The paper mill in Woodlesford was in production for well over a century until it closed in about 1870. No photographs of the mill buildings have so far come to light but its chimney features prominently in views of Woodlesford taken before it was demolished in the 1960s. The mill is shown on several maps and plans drawn in the 18th century in connection with improvements to the Aire and Calder Navigation. Maps made in the 19th century by the Ordnance Survey show the same building at the end of Alma Street marked as Oddy’s Mill. After paper production ceased the mill was used for making matches and then as a chemical works.
According to Rothwell historian, Albert Brown, the paper mill was built by the Lowther family of Swillington House. It’s not known precisely when it opened but from entries in the Rothwell parish registers it appears to have been operating from at least the early 1730s. The first recorded paper maker was Ratcliff Manchister whose son, John, was baptised in December 1732. Ratcliff died the following November and his widow, Mary, remarried three years later. Another early paper maker was John Manchister, possibly Ratcliff’s brother. He had a son, also John, baptised in 1736. A generation later in the 1750s and 1760s John Procter and Issac Walton were recorded as paper makers living in Woodlesford.

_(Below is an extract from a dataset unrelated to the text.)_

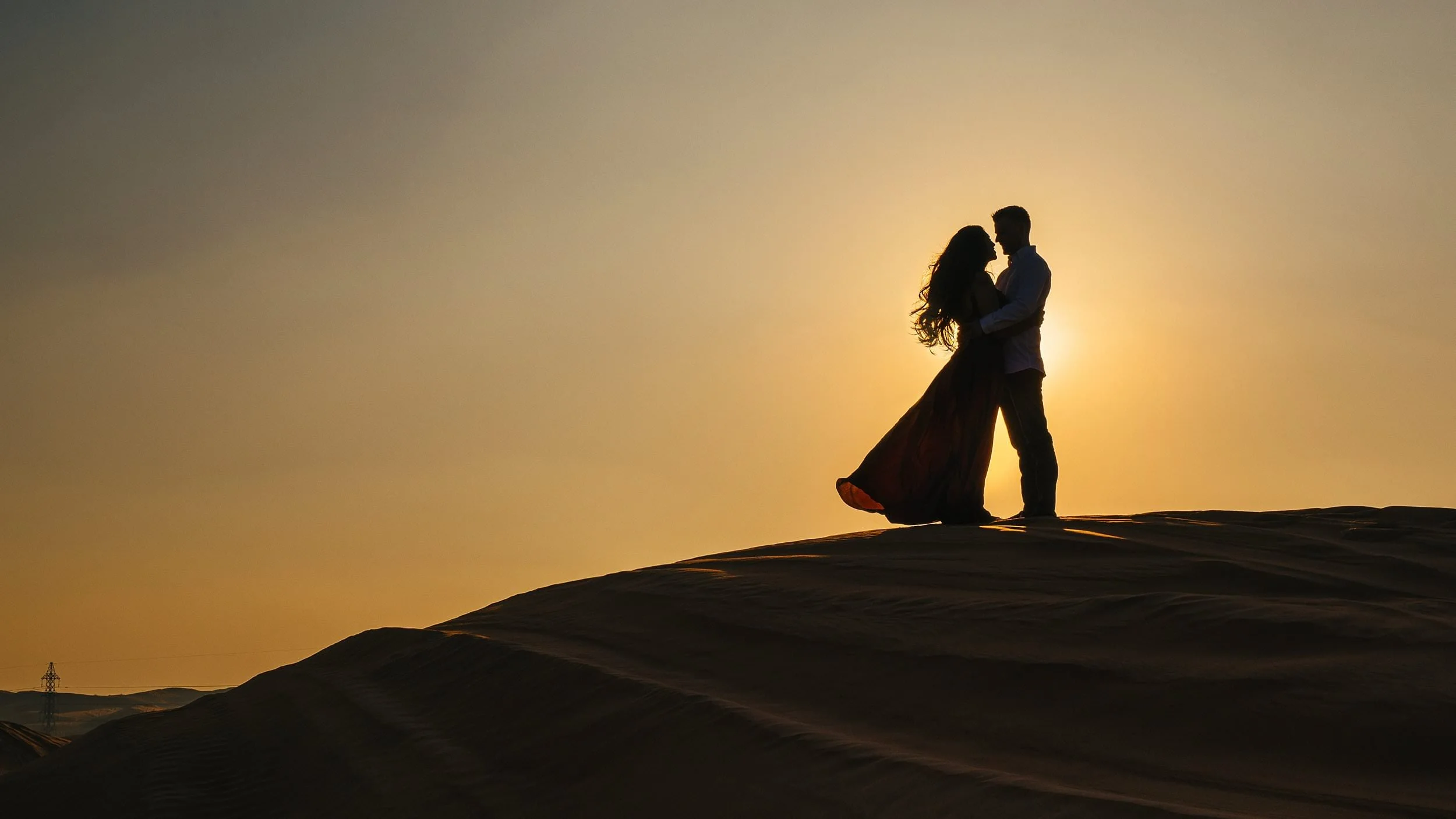 164600 Nadia Ross Dubai Desert Shoot_Website portfolio.jpg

From their profits in cloth trading William Lowther and his brother John acquired the Swillington estate in 1656 from Conyers Darcy whose family had been granted it shortly after the Norman conquest. William Lowther bought his brother’s share in 1658 and from the outset he exploited the coal which lay underground. The paper mill was probably built by Sir William Lowther, grandson of the original William, to supply paper for letters and accounts. Any surplus produced by the mill and not needed by the estate would have been sold to stationers and merchants in Leeds. It’s possible the mill also made coarser brown paper for wrapping cloth and other products.
Evidence the mill was in production in the 1740s comes from an agreement made with the Aire and Calder Navigation company dated 16th January 1743. It states: “The paper mill, at Woodlesford, shall have the use of the water in the Cut doing no damage to the Navigation but in times of scarcity of water the boats there navigating shall be the first to be served with water.”

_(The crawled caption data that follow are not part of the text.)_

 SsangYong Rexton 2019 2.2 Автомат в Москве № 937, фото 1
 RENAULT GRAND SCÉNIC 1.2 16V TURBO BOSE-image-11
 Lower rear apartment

The Cryer Cut, or canal, had been dug in the early 1700s to make it easier for boats to ply between Leeds and the coast. It was enlarged and moved slightly to the north in the 1830s leaving the old stretch of water to become a thin lagoon known as the “goit.” At the same time the lock was moved to the east and a new canal was made between Woodlesford and Lemonroyd so boats could completely avoid the river.
After supplying the land and capital to build the paper mill the Lowthers would have leased the enterprise to a man who employed his own workforce. It’s possible this originally may have been one of the Manchister paper makers referred to above but more likely it was Thomas Crampton. Little is known about him apart from the fact he was born about 1700 and in October 1727, at Rothwell, he married Ann Cockell. Parish records indicate they had at least five children – three boys and two girls.
One snippet of information comes from a Lowther estate account book which is now in the West Yorkshire archives. Written in ink, most likely on Woodlesford made paper, it shows rents collected across the estate by the agent William Sykes in 1745 and 1746. Of 18 Lowther properties listed in Rothwell parish Thomas Crampton was paying the most at £21 10 shillings a year, roughly equivalent to £10,000 today, so the paper mill must have been doing well.
Thomas Crampton’s eldest son, William, was only 25 years old when he died in December 1753 just a year after his marriage to Eleanor Nelson from Swillington. The second son, James, born in 1731, appears to have moved away so it was left to the youngest, Thomas, born in 1734, to follow his father into the paper making business.
He married Ann Birks from Fleet Mills in July 1758 and over the next twelve years they had five children – Thomas, Joseph, Esther, Ann and William. During this period the family name, as recorded in the parish registers, seems to have subtly changed from Crampton to Crompton although it’s not known whether that was by design or accident.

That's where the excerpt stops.